▶ **What you need to do**:
Word for word, repeat the data that follows. Do not include the pictures.

▶ **The data**:
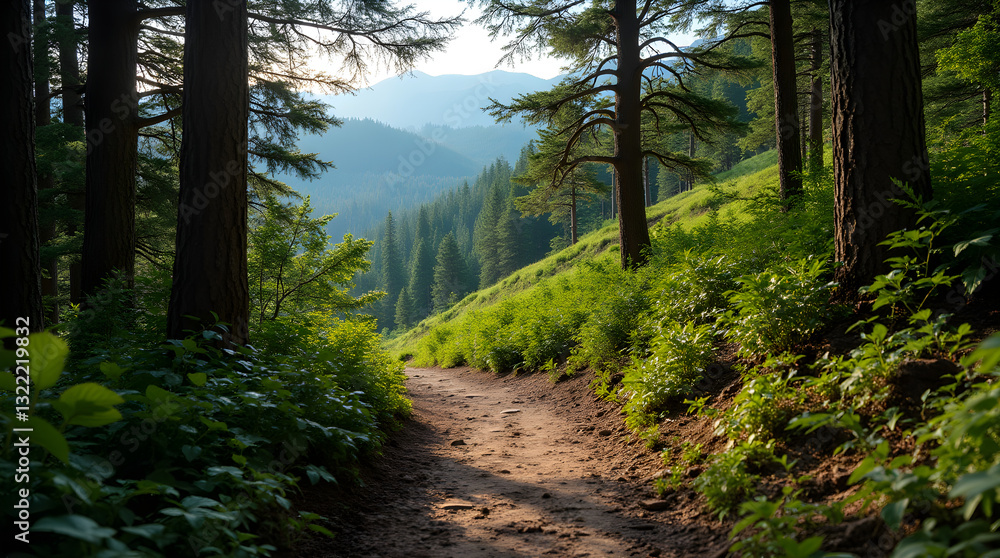 Fototapeta premium Scenic Sunlit Forest Path Hiking Trail Through Lush Green Trees Leading to Distant Mountainous Range Green Forest Nature Scenery View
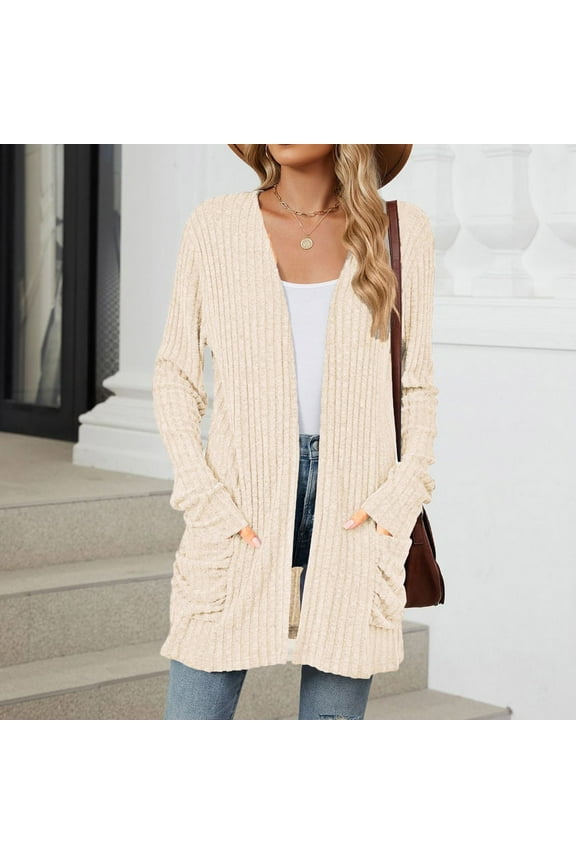 Women 2024 Autumn Mid Long Cardigan Casual Long Sleeve Neck Knitted Sweater Cardigans With Pocket Cactus Cardigans for Women Thick Sweaters for Women Open Front Sweater Cardigan Women with Buttons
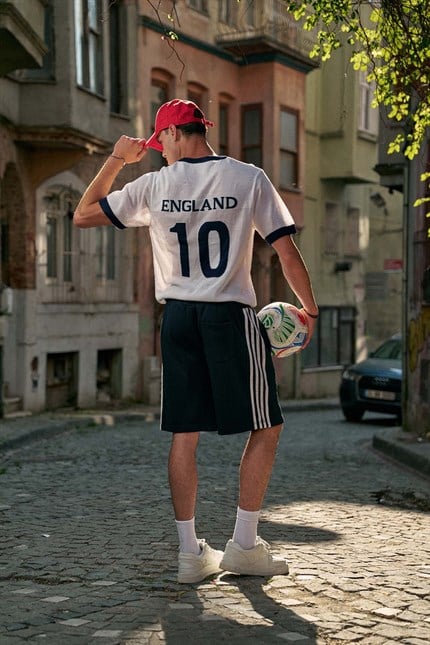 Erkek Oversize Futbol V Yaka Triko Forma T-Shirt Ekru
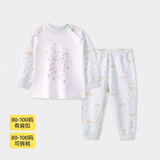 小狗比格儿童内衣套装男宝宝秋衣秋裤套装女纯棉春秋婴儿全棉睡衣 2455开心兔 130 cm建议5-6岁【无肩扣】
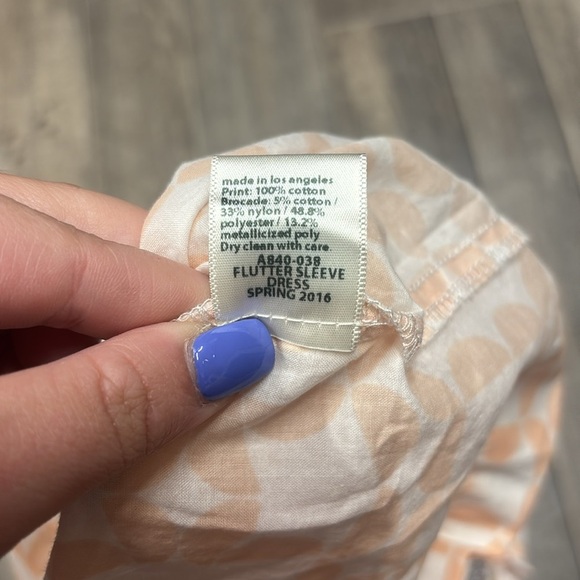 Anthem of the Ants Peach and White Kids Dress With Flutter Sleeves Size 4t - Picture 4 of 5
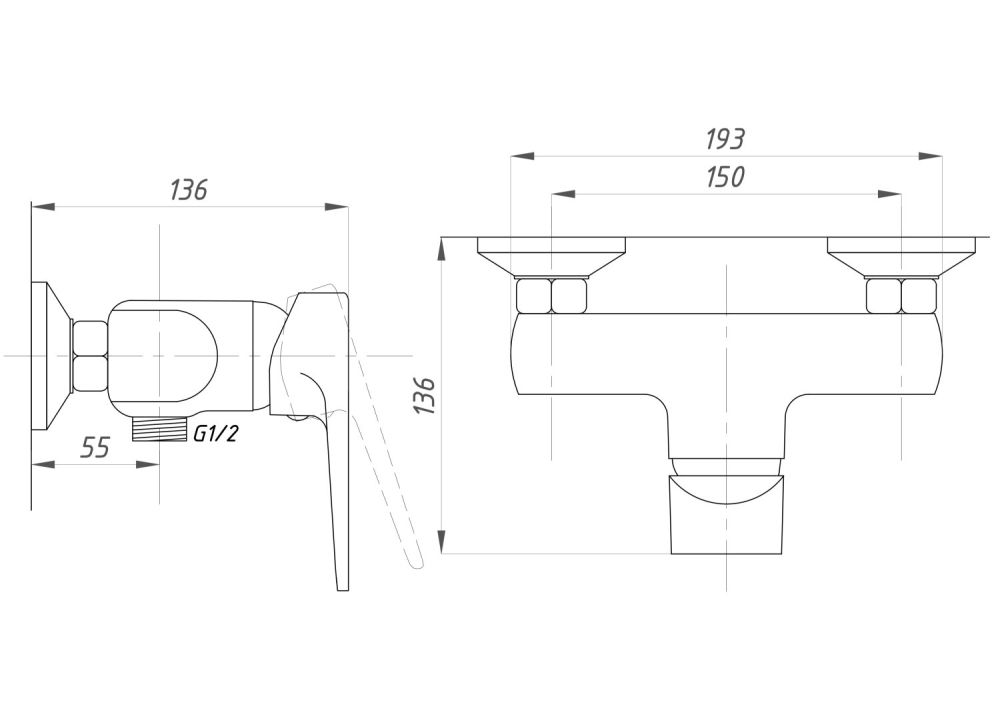 Смеситель для душа  ПСМ-Профсан Серия-400 (PSM-400-4) тип См-ДшОНРШл, артикул PSM-400-4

▶ **Finished task**:
 Fototapeta premium Scenic Sunlit Forest Path Hiking Trail Through Lush Green Trees Leading to Distant Mountainous Range Green Forest Nature Scenery View
 Women 2024 Autumn Mid Long Cardigan Casual Long Sleeve Neck Knitted Sweater Cardigans With Pocket Cactus Cardigans for Women Thick Sweaters for Women Open Front Sweater Cardigan Women with Buttons
 Erkek Oversize Futbol V Yaka Triko Forma T-Shirt Ekru
 小狗比格儿童内衣套装男宝宝秋衣秋裤套装女纯棉春秋婴儿全棉睡衣 2455开心兔 130 cm建议5-6岁【无肩扣】
 Anthem of the Ants Peach and White Kids Dress With Flutter Sleeves Size 4t - Picture 4 of 5
 Смеситель для душа  ПСМ-Профсан Серия-400 (PSM-400-4) тип См-ДшОНРШл, артикул PSM-400-4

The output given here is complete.